My family is just falling apart, and I’m really just giving up. I can’t take any of them anymore. This court thing between my parents, it seems like they are using me and my brother as an excuse to just fight each other. It doesn’t seem like this whole thing is because of me and my brother, it seems like all of this trouble and drama is because they have so much hatred for each other that they need to find an excuse to fight this much. I don’t know if that made sense. I’m not going back and editing, I’m trying to just let all the words flow.
It’s just difficult when you don’t even know who’s being real with you, the world is so full of dishonest people, and then you have your family and they shouldn’t be the ones to lie to you, but it seems like they are. It’s hard to take that, but I guess I’m just going to have to accept the fact that not everyone is going to be the way that you want them to be, or the way that they should be. Everyone seems to be so selfish, but then they turn to me and call me the selfish one. They just don’t understand what is going on in my mind and what I’m really thinking about the whole issue, it just seems like they think that I’m trying to do things to make myself happy. I should do that, because I don’t do that enough. I don’t try to make myself happy.
My love life, isn’t even a love life anymore, I’m with him more so now, because I’m scared of him. I can’t take that. I’m not who I am anymore. I’m not this person that he’s making me, and the sad part is that I see it all happening in front of me, but I can’t stop it. I used to think that I was with him because I love him, but after a couple days ago, that isn’t the case anymore. 2 days ago, he hit me, and now, I don’t know if I should forgive him and turn the other cheek, or leave.
I’ve been in this position before, I’ve had boyfriends that hit me, but I fought back. I was and have always been a fighter, I never took shit from any guy, because I knew I deserved better. But this guy I’m with now, is so good at making me actually think there is something wrong with me. I’ve never in my life been with someone who called me a slut (shmutt), called me a dumbass all the time, calls me stupid, calls me remedial, calls me all these names that hurt me, and I’ve never had a man tell me that they love me and then say those words to me. It hurts, because I know who I am and the fact that I’m starting to believe him when he calls me these names, hurts me. I used to be so independent and strong, and now, I’m neither and feel like I’ll never be close to being what I was again.
How could someone punch me in the face one minute, and then the next hold me and tell me he loves me? How can someone choke me and push me, and then cry and tell me that their love for me is just so strong? I don’t know how to feel anymore. I can’t move, I can’t breathe, and I can’t act right. I don’t smile, I barely laugh, and I barely do what I love to do. I can’t dress the way I want to dress, I can’t laugh at what I want to laugh at, and I can’t go to where I want to go.

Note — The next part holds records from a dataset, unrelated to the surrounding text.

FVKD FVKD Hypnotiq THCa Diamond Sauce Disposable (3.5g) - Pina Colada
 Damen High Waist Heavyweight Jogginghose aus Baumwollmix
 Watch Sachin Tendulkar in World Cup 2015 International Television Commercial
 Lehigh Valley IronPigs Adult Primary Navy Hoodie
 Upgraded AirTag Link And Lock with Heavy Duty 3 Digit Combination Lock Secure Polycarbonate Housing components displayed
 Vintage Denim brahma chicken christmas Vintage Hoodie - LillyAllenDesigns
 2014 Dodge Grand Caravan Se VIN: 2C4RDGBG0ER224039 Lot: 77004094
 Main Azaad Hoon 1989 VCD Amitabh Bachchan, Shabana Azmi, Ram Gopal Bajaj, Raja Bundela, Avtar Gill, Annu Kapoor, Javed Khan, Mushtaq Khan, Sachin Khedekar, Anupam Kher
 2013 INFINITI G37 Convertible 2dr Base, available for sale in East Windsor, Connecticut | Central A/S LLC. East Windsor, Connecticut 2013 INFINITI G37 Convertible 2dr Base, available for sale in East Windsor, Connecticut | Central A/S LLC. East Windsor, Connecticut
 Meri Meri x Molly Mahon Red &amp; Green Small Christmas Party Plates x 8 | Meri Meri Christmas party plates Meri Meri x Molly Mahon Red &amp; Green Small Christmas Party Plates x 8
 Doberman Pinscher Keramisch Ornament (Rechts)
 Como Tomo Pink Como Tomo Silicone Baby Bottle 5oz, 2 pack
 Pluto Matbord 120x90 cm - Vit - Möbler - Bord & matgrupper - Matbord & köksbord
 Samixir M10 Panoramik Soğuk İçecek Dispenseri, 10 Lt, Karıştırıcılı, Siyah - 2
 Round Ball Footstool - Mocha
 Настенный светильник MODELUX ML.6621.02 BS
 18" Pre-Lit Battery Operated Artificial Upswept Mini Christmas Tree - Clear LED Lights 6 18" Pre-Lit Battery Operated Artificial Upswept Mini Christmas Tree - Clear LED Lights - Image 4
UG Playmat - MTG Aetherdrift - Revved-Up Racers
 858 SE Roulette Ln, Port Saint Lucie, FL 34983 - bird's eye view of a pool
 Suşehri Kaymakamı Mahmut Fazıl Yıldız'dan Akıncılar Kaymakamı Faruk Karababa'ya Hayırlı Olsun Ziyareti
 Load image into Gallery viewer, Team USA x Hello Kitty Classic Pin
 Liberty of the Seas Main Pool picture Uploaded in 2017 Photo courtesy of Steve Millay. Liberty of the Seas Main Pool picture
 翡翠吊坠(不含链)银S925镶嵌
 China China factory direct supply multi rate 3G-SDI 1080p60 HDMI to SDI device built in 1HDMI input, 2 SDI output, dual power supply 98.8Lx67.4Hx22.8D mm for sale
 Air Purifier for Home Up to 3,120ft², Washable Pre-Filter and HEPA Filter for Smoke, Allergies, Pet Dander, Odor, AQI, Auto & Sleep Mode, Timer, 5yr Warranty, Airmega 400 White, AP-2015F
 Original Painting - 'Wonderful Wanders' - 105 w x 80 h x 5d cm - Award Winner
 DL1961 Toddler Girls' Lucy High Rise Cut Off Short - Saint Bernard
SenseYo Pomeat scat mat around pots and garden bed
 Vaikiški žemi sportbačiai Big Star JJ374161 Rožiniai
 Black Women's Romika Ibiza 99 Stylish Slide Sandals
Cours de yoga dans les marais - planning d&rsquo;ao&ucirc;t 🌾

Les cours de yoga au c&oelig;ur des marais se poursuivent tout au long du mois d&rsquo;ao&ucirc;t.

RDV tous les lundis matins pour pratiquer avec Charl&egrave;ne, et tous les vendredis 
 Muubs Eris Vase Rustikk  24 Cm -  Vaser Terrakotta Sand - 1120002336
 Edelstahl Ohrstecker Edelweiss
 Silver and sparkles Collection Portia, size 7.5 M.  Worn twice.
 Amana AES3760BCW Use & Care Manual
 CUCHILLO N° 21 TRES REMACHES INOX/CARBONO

I’m being controlled, and the sad thing is, I know it. I know it’s happening, because I’m watching it happen. I just don’t know what I’m supposed to do about it. People are so concerned already, because they can see what is going on. They see my pain, I can’t even hide it anymore. It’s written all over my face, the pain and the fear. I’m too tired to try to cover it. He even sees it, and he hates it when I’m sad and he knows its because of him. His solution to it, is to make me smoke. I can’t do that anymore, I feel like I’m really not being genuinely me. My smiles when I smoke, are fake, it’s the high not me.
I’m scared to move. I’m scared to breathe. I’m scared to do anything. The one thing I love, to dance, I’m scared to even do that, because he hates it. I need to grow a spine, because I can’t keep living like this. I can’t be abused like this. I’ve gone through enough in my life and I don’t need this to add into it….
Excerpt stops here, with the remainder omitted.